* _RECORDS FOR THE TASK_
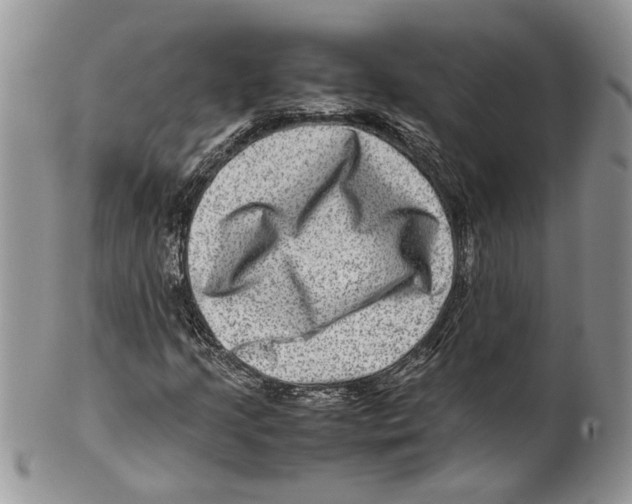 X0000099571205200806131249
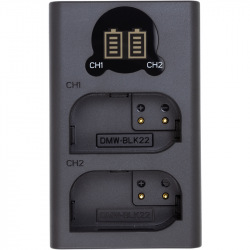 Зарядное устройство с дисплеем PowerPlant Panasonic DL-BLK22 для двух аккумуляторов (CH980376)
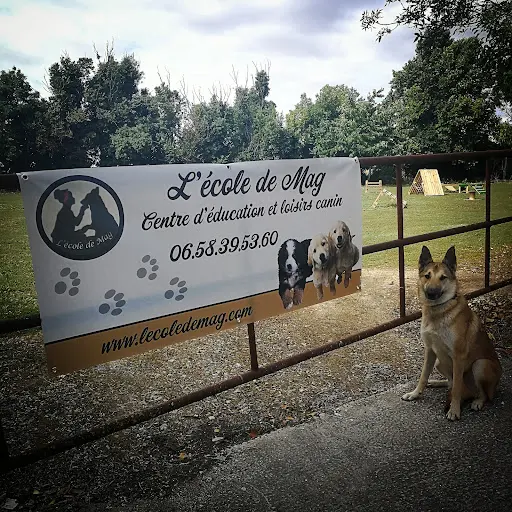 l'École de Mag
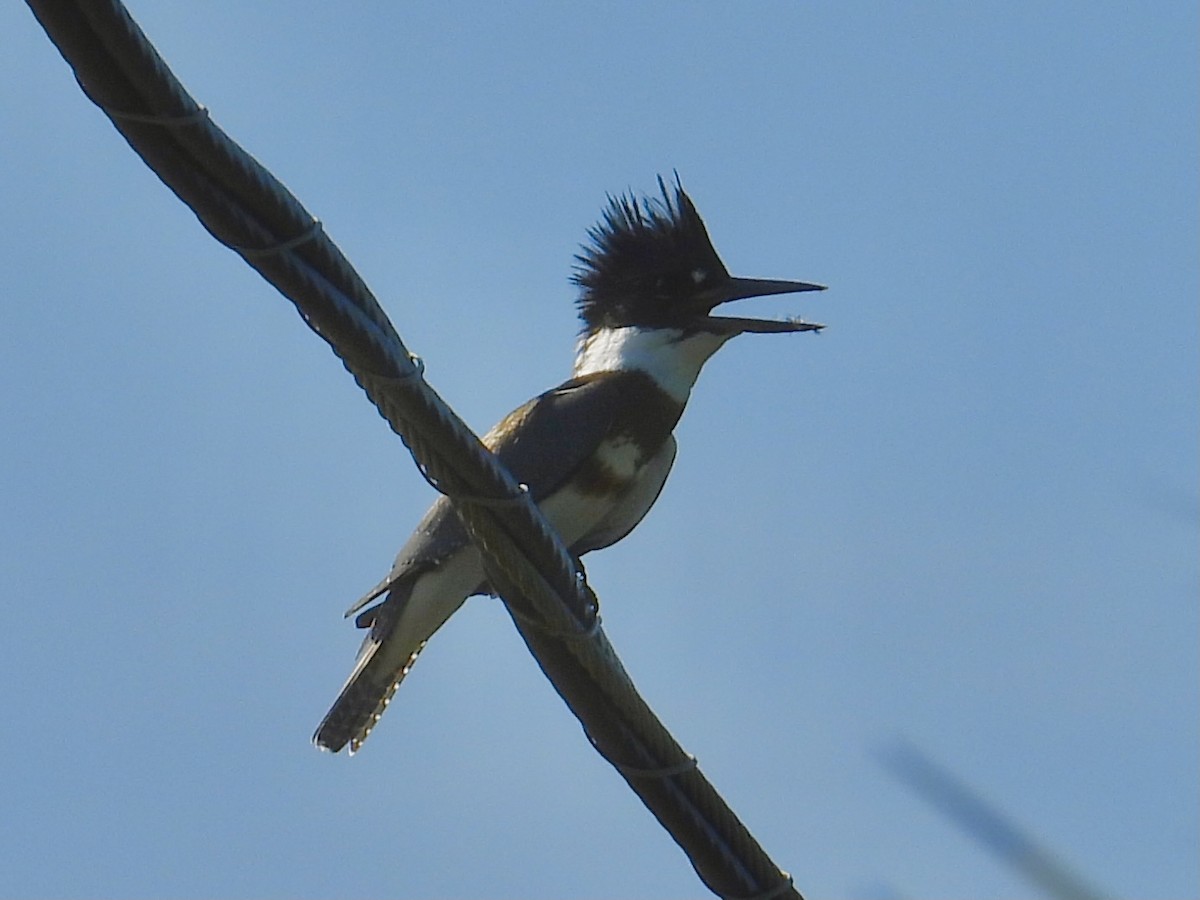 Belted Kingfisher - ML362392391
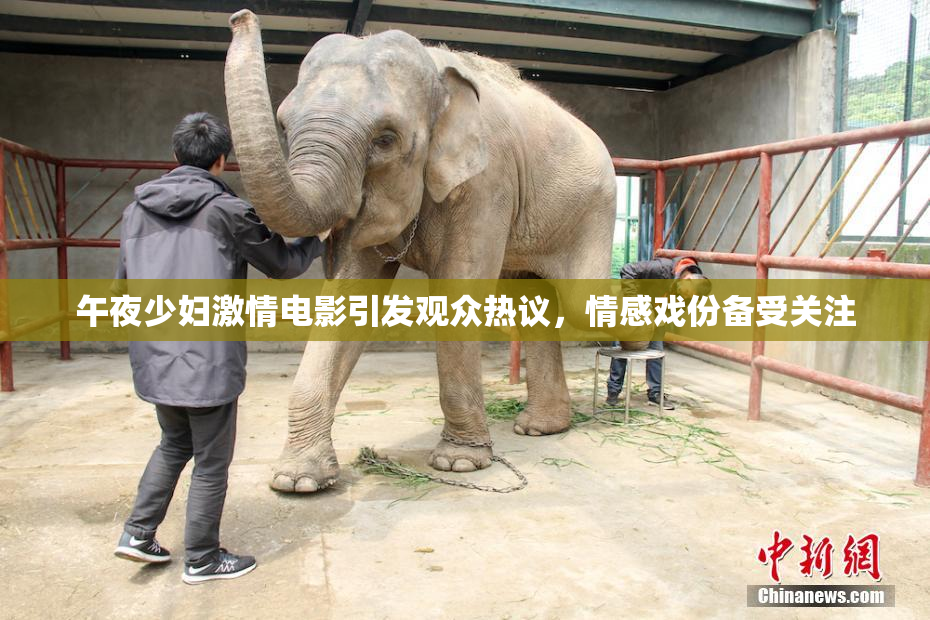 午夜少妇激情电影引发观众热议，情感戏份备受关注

* _TO DO_
What you set down should be exactly the lines from the line containing "Belted Kingfisher - ML362392391" to the last line of the entries above, both included, with no pictures.

* _RESPONSE FOR THIS EXERCISE_
 Belted Kingfisher - ML362392391
 午夜少妇激情电影引发观众热议，情感戏份备受关注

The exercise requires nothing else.